ガイ・フォークスとガンパウダー・プロット

11月5日のガイ・フォークス・ナイト(Guy Fawkes Night)が近づいてくると、毎夜、あちこちで花火の音が聞こえます。近所の庭で花火をあげる人もいるので、家の窓からミニ花火大会を楽しめる事もあります。

最近は、アメリカから逆輸入されてきた様なハロウィーンに押され、印象が薄くなってきているなどと言われるこの日です。何でも、季節的イベントで一番、国民がお金をかけるのは、上から順番に、クリスマス、イースター、ヴァレンタインズ・デイ、そしてハロウィーン・・・なのだそうで、商業的にも、魔女コスチュームなどなどのおかげで、ハロウィーンが上位にのし上がってきているとの事。
さて、ガイ・フォークス・ナイトは、何を記念するかというと・・・

「ヴァージン・クイーン」として一生を終えた為、当然子供がいなかった、プロテスタントのエリザベス1世。彼女の時代が終わると、カトリックであったメアリー・スチュワートの息子であり、すでにスコットランドではジェームズ4世として君臨していたジェームズが、イングランドのジェームズ1世となります。

ジェームズの戴冠に、イングランド内カトリック信者達の間では期待がふくらみます。「新王はカトリックに、もっと同情的かもしれない・・・。」。しかし、この期待は、すぐに蒸発。ジェームスは、宗教に関しては、エリザベス時代の態度を変える気配が無い。

そこで幾人かのカトリック信者たちが、国会開会日に、国会に集まったプロテスタントの有力者達を、国王もろとも、爆弾で吹っ飛ばそうとの謀反を企てます。ガンハウダー・プロット(The Gunpowder Plot)と呼ばれるテロ計画です。

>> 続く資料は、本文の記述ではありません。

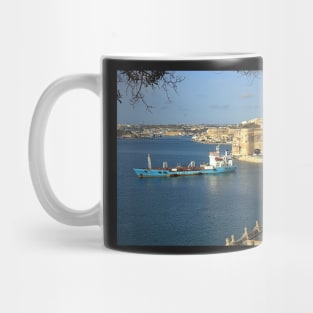 Grand Harbour, Valletta, Malta Mug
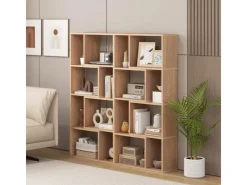 Costway Bücherregal mit 4 Ebenen Standregal mit 8 Fächern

プロットは事前に漏れ、決行予定日1605年11月5日の前夜、国会の地下で、ごそごそしていた一味の一人、ガイ・フォークスが多量の爆薬と共に発見され逮捕。翌朝、事がばれたとわかった他の参謀者たちは、逃げ散ったものの、やがて捕まり、処刑。

このころの謀反人に対する処刑は残酷で、
Hanged, Drawn and Quarteredと言われ、
まず、殺さぬ程度に縄で首吊り、その後、生きているうちに、腹を割き、内臓を引きずり出し、火にくべる。後は、体を4つに切り、首ちょんぱ。そして、遺体はしばらく、見せしめにさらされたりしたのでしょう。メル・ギブソンが、スコットランドの英雄ウィリアム・ウォレスとして主演した「ブレイブハート(Braveheart)」という映画がありましたが、この最後で、イングランドの王、エドワード1世の圧制に反旗を翻したウォレスが、謀反人として処刑される場面がそれです。

事件後、11月5日には、このカトリックの大失敗を記念して、広場でボンファイヤー(Bonfire:焚き火)を燃やし、ガイ・フォークスを模した人形を火に放り込んだりします。

最初のころ、この人形は、ローマ法王を模した物だったようですが、徐々にガイ・フォークスを燃やす習慣となりました。ローマ法王人形をいまだに燃やしていたら、さすがに怒られちゃうでしょうから。前述のように、花火もボンボンあがります。

これが終わると、冬かな・・・と感じます。そろそろ、葉をすっかり無くした木々も目に付き始め、紅葉も、今のうちに楽しんでおかないと。


ガンパウダー・プロットに関する、詳しいサイトは下。
The Gunpowder Plot (UK parliament)

(当投稿は、ヤフージャパンにて2008年11月3日に投稿した記事の焼き直しです。)

コメント

  1. 最近野菜スライサーで指先を少し削ってしまい、それだけでもすごく痛かったというのに・・・ぞっとする刑罰ですね。
    A Traveller in Timeという本にバビントン事件のことが少しでてきたので、Wikiで調べてみると同じ方法の処刑だったとか。

    返信削除
  2. A Traveller in Timeも、聞いた事がなかったので、アマゾンで見てみました。評も良くて、面白そうですね。これもいつか読んでみます。

    王や女王に対する反逆罪は、やっぱり極刑になってしまうのでしょう。バビントン事件もしかりで。さすがに、王家の血が流れるメアリー・スチュワートは、斬首・・・それも怖くて、嫌ですが・・・。